За отделение отвечал комиссар Сирко, кадровый офицер с маленькими враждебными глазками, бритой головой и двумя складками жира там, где его шея соединялась с задней частью черепа.
Вторым по старшинству был сержант Рагозин, чей глубокий и обнадеживающий голос не подходил костлявому мужчине с узким лицом, которому он принадлежал. Не имея никакой военной выправки, Рагозин выглядел как пугало в мешковатых бриджах для верховой езды и кителе с расклешенной талией, которые составляли его военную форму. В прошлой жизни Рагозин был диктором радио и вел воскресное вечернее музыкальное шоу на Московском радио. В течение 1930-х годов, когда список одобренных песен сокращался, рос и сокращался снова без какой-либо схемы, понятной Рагозину, он снова и снова исполнял одни и те же мелодии, пока, наконец, в 1938 году власти не запретили ему выходить в эфир. Убежденный, что вскоре его осудят за антисоветские настроения, он совершил единственный патриотический поступок, который мог придумать, и записался в русскую армию, как только началась война.
Заряжающий орудия капрал Баркат, фермер, выращивавший клубнику на Украине, был мужчиной с покатыми плечами, выпирающим кадыком, нервными, женоподобными руками и отрывистым смехом, из-за которого его смех звучал так, как будто он пытался выкашлять рыбью кость.

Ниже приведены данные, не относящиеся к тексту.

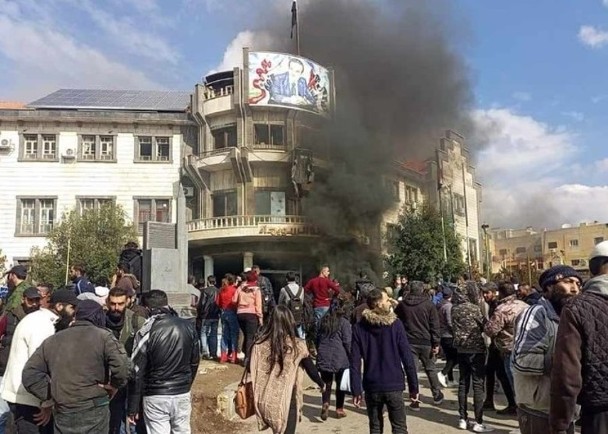 看世界／示威者闯南部省长办公室纵火　至少2死7伤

Последним и самым низкоранговым членом отряда был стрелок Стефанов. В его обязанности входило обслуживать оружие, водить грузовик и следить за радиосвязью, что почти ничего не оставляло другим делать, кроме как жаловаться и есть свои пайки.
Стефанов был мужчиной крупного телосложения, лопатки которого висели на спине, как бычье ярмо. Его волосы, которые обычно росли густыми и вьющимися, были выбриты на манер всех солдат Красной Армии. Из-за этой лысины его большие круглые глаза казались огромными, как блюдца, и придавали ему возмущенное выражение совенка, которого вытолкнули из гнезда. Подобно Рагозину и Баркату, Стефанов не был кадровым военным. Его призвали в армию в первую неделю войны. С тех пор Стефанову пришло в голову, что даже если это не его первая работа, то, скорее всего, она станет для него последней. Мягкий, тихий Стрелок мало что мог сказать в свое оправдание, настолько мало, что другие члены секции задавались вопросом, не был ли он умственно отсталым. Стефанов точно знал, что они думают о нем, и он позволил им продолжать так думать, а не объяснять сложное прошлое, которое вынудило его использовать это молчание в качестве баррикады против их любопытства.